Task brief: Where the material below has a line containing "Maison Kitsuné Bold", start repeating exactly, and keep going through the line containing "Antique 14 Spoke Metal Wagon Wheels", with no other lines.

Given data:
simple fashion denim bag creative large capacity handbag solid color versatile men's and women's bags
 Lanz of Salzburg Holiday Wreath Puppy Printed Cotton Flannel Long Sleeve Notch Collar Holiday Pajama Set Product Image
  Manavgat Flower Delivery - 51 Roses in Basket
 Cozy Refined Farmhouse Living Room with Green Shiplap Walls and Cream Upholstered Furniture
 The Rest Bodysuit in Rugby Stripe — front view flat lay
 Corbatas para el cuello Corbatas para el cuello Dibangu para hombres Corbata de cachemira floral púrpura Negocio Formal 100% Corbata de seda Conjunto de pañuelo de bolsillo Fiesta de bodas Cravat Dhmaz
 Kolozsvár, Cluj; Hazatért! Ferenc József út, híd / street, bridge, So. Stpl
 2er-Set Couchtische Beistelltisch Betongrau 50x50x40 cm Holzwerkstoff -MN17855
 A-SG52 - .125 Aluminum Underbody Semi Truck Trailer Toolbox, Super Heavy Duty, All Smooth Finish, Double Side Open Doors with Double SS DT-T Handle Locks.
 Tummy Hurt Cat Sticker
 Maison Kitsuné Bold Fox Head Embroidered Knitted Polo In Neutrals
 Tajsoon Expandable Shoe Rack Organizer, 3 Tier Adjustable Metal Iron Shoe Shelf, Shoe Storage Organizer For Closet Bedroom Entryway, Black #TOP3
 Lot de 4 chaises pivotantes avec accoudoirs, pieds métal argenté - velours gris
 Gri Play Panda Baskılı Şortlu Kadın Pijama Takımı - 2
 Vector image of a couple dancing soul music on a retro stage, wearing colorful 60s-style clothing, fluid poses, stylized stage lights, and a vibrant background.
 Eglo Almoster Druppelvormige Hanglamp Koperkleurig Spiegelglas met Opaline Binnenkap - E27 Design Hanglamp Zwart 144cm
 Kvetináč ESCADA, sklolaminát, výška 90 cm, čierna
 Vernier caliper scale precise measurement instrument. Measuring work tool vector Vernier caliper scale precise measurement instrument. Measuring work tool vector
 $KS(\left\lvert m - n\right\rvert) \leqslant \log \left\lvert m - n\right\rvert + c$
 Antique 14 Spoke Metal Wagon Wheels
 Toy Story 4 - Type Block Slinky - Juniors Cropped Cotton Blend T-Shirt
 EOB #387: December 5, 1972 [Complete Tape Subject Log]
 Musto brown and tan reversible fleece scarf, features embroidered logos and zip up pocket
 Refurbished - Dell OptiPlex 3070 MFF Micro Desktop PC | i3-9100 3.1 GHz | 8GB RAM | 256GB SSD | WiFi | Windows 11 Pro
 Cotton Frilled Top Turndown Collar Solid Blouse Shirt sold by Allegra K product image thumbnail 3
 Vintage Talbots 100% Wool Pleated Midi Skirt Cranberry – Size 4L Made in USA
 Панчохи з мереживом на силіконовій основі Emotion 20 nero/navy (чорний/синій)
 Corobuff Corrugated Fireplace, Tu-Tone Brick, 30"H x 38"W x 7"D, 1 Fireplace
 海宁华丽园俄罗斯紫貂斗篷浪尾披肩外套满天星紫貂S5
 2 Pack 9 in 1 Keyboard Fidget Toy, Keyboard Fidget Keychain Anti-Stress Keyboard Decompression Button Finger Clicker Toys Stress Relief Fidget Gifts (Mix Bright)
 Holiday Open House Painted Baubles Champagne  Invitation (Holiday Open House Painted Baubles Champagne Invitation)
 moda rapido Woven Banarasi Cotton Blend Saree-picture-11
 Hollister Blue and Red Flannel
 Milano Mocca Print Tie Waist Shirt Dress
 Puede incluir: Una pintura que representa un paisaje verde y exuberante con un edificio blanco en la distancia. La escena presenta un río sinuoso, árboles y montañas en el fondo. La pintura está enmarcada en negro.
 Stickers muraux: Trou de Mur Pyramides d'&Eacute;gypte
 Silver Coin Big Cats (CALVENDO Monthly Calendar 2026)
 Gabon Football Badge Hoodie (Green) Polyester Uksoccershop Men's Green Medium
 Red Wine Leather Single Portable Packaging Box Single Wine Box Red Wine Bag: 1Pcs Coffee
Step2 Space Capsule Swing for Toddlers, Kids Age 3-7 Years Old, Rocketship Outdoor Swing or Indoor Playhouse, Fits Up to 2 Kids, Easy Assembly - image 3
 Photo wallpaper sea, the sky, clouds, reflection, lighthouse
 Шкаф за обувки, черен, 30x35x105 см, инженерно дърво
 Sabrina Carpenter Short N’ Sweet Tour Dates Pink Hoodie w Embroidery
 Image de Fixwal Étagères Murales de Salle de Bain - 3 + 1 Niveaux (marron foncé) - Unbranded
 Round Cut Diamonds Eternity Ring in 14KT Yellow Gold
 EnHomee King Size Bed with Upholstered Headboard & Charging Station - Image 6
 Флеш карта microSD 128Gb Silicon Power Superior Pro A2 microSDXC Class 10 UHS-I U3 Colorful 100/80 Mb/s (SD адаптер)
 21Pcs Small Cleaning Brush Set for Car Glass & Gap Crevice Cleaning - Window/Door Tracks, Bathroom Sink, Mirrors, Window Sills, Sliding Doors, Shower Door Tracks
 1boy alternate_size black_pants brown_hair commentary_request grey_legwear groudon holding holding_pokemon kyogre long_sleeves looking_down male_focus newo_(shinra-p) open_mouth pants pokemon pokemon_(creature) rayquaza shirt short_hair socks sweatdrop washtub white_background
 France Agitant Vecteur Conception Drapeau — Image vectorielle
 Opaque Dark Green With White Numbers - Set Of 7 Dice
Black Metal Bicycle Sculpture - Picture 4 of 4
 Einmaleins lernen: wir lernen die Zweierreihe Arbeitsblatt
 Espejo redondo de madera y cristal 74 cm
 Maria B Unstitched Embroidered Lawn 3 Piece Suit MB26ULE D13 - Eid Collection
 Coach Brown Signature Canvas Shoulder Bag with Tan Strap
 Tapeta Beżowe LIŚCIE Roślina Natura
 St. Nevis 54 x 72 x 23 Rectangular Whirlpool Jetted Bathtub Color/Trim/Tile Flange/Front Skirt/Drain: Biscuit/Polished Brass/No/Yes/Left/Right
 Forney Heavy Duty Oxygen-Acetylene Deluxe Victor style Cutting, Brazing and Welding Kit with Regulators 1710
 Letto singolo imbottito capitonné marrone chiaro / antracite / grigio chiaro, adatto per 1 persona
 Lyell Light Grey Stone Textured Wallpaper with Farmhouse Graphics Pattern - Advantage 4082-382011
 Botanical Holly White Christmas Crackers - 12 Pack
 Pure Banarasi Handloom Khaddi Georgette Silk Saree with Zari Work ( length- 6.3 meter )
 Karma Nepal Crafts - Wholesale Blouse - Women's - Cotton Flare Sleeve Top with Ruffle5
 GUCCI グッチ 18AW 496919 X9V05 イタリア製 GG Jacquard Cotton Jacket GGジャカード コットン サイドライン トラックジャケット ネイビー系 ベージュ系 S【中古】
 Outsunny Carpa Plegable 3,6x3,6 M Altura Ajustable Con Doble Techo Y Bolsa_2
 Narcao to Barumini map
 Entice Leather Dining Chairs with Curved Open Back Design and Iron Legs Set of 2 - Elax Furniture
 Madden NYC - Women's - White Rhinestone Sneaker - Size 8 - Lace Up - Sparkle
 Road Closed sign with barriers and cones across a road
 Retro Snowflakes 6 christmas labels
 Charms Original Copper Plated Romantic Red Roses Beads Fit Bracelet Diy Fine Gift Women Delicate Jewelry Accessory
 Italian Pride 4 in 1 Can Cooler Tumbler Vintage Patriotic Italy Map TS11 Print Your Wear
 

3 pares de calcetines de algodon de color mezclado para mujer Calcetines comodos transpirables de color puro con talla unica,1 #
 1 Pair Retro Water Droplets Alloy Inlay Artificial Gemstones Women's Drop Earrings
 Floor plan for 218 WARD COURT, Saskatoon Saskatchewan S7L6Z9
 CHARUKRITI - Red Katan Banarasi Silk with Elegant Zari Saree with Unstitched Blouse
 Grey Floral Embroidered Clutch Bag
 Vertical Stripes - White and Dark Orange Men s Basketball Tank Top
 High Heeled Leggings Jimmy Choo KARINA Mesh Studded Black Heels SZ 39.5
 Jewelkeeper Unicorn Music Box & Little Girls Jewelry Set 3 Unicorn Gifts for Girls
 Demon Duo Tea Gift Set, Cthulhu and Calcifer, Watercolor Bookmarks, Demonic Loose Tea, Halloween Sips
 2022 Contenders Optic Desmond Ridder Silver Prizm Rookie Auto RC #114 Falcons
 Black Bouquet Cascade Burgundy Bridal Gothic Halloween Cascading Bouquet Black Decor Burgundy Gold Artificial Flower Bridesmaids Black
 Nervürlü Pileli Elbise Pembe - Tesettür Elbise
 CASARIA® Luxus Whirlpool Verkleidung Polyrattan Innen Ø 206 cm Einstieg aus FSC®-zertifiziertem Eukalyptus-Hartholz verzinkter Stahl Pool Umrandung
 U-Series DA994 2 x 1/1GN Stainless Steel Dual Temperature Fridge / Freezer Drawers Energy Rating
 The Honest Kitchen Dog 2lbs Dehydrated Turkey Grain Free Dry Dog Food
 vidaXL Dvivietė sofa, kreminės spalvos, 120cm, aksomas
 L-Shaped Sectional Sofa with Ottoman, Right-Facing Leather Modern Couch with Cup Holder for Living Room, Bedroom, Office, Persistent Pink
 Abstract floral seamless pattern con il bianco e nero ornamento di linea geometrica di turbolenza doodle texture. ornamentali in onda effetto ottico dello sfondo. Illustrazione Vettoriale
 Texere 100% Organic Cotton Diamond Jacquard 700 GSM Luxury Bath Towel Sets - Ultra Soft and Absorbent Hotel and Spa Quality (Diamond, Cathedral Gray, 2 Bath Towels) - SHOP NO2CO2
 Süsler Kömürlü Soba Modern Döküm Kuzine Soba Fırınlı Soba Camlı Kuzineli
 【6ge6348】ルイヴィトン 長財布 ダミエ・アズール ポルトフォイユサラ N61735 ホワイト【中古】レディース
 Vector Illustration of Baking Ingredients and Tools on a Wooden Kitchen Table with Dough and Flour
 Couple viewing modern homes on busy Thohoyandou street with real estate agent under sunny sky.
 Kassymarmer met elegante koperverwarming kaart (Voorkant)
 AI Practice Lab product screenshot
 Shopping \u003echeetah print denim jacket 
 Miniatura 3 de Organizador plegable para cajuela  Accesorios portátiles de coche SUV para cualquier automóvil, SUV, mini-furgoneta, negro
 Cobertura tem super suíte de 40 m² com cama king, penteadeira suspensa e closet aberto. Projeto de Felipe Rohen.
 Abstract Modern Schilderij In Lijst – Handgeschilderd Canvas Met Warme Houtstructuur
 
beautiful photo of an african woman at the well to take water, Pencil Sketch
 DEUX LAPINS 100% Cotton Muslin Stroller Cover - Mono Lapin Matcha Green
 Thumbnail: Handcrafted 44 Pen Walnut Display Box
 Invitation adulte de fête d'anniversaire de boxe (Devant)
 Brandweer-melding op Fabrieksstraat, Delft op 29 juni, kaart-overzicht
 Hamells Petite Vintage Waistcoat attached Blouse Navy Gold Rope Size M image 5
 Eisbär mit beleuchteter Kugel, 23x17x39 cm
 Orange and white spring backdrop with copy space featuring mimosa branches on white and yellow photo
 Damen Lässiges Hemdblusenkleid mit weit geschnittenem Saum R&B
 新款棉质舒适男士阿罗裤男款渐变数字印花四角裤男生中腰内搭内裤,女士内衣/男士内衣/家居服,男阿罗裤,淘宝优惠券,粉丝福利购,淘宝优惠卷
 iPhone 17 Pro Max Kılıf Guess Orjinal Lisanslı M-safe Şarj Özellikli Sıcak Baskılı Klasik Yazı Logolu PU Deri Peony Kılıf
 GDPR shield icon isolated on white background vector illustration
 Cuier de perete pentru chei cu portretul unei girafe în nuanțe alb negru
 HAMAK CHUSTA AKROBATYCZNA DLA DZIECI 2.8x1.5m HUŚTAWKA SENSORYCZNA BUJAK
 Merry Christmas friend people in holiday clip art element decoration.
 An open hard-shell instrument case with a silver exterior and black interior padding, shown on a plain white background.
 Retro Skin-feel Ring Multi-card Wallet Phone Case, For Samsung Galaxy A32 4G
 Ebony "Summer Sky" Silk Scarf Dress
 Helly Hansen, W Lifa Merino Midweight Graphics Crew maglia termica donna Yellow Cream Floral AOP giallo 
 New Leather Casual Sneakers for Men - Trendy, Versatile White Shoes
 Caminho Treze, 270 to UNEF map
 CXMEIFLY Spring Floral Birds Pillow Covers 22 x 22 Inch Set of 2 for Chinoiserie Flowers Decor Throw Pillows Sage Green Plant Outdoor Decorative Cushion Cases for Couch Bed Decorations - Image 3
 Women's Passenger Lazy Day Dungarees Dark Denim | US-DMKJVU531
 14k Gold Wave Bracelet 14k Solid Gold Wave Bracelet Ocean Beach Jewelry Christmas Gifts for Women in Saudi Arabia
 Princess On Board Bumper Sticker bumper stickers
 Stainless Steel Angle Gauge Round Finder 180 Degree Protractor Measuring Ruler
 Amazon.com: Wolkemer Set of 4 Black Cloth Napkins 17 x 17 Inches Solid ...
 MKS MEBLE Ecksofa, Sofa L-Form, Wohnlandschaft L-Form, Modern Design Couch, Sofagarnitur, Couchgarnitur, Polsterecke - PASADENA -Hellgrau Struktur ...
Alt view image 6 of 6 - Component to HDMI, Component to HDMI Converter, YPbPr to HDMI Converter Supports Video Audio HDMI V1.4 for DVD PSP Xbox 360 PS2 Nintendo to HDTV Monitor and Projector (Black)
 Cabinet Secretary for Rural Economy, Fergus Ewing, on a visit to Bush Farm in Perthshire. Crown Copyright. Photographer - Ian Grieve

Written response:
 Maison Kitsuné Bold Fox Head Embroidered Knitted Polo In Neutrals
 Tajsoon Expandable Shoe Rack Organizer, 3 Tier Adjustable Metal Iron Shoe Shelf, Shoe Storage Organizer For Closet Bedroom Entryway, Black #TOP3
 Lot de 4 chaises pivotantes avec accoudoirs, pieds métal argenté - velours gris
 Gri Play Panda Baskılı Şortlu Kadın Pijama Takımı - 2
 Vector image of a couple dancing soul music on a retro stage, wearing colorful 60s-style clothing, fluid poses, stylized stage lights, and a vibrant background.
 Eglo Almoster Druppelvormige Hanglamp Koperkleurig Spiegelglas met Opaline Binnenkap - E27 Design Hanglamp Zwart 144cm
 Kvetináč ESCADA, sklolaminát, výška 90 cm, čierna
 Vernier caliper scale precise measurement instrument. Measuring work tool vector Vernier caliper scale precise measurement instrument. Measuring work tool vector
 $KS(\left\lvert m - n\right\rvert) \leqslant \log \left\lvert m - n\right\rvert + c$
 Antique 14 Spoke Metal Wagon Wheels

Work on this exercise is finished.